BACKGROUND AND OBJECTIVES: Curcumin exhibits growth-suppressive activity against a variety of cancer cells, but low bioavailability prevents its use in chemotherapeutic applications. One strategy for circumventing this problem has been the creation of synthetic analogs. In this study we synthesized an analog of curcumin bis-1,7-2(hydroxyphenil)-hepta-1,6diene-3,5diore (BDMC-A) and investigated its anti-breast cancer property.
MATERIALS AND METHODS: We compared the impact of bis-1,7-2(hydroxyphenil)-hepta-1,6diene-3,5diore (BDMC-A) with that of curcumin in human breast cancer cell line MCF-7. MTT [3-(4,5-dimethylthiazol-2yl)-2,5-diphenyltetrazolium bromide] cell viability assay was used to examine the cell viability/proliferation. LDH assay and cell counts were performed to assess the cytotoxicity and anti-proliferative effects of the compound respectively. Flow cytometry followed by Western blot were performed to investigate the cell cycle distribution.
RESULTS: BDMC-A has an inhibitory effect on MCF-7 cells comparably equivalent to that of curcumin as determined by MTT assay.
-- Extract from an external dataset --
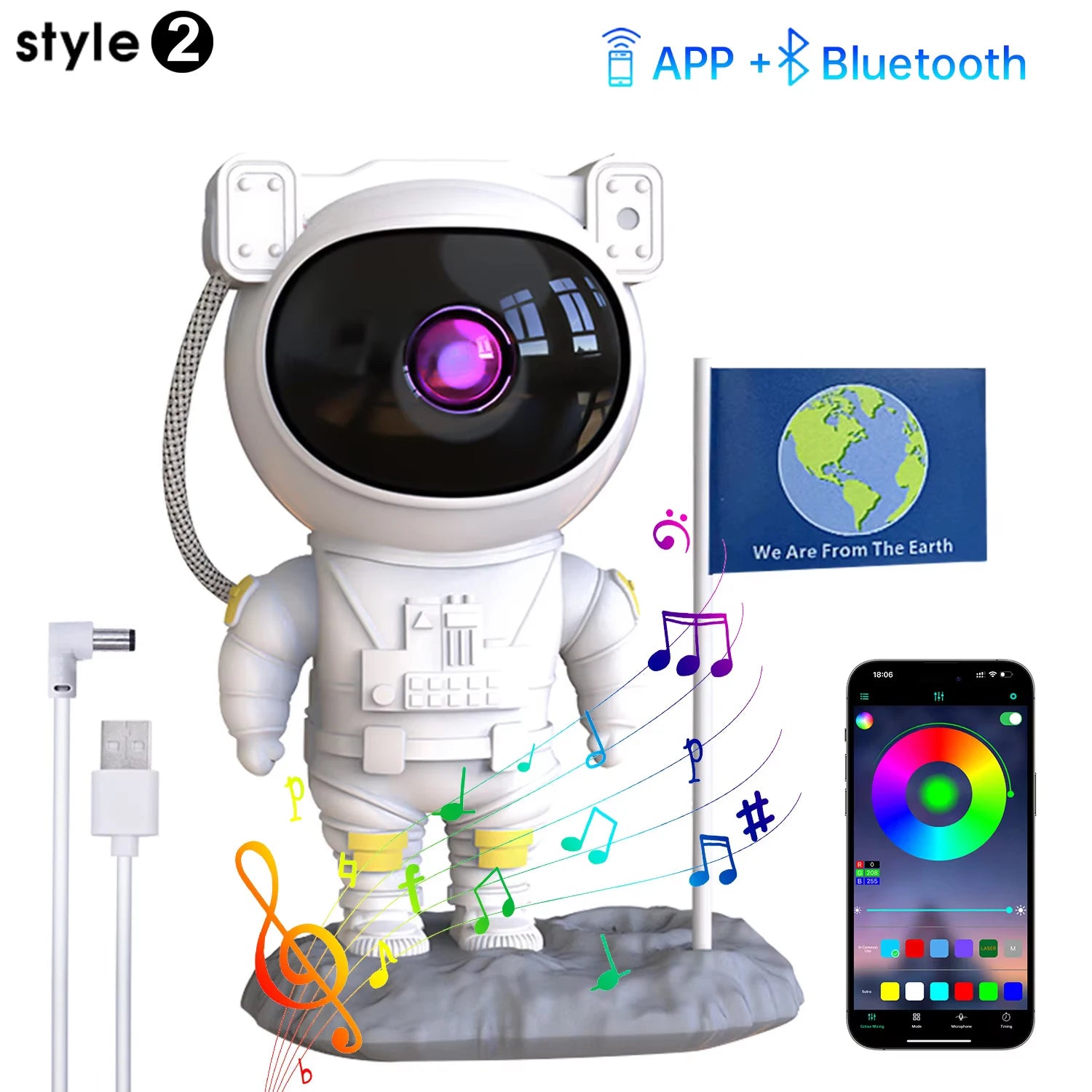 Projecteur d'étoiles pour enfants, veilleuse avec télécommande 360 ° Éclairage de galaxie de nébuleuse d'astronaute de conception réglable pour enfants adultes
Cytotoxicity of the cells by both curcumin and BDMC-A were confirmed by LDH release assay and cell count assay. Flow cytometric studies showed accumulation of cells in the G2/M phase which confirms the cell cycle arrest. This was further confirmed by immunoblotting of the protein Cyclin D1, whose expression were found to be decreased in both curcumin and BDMC-A treatment.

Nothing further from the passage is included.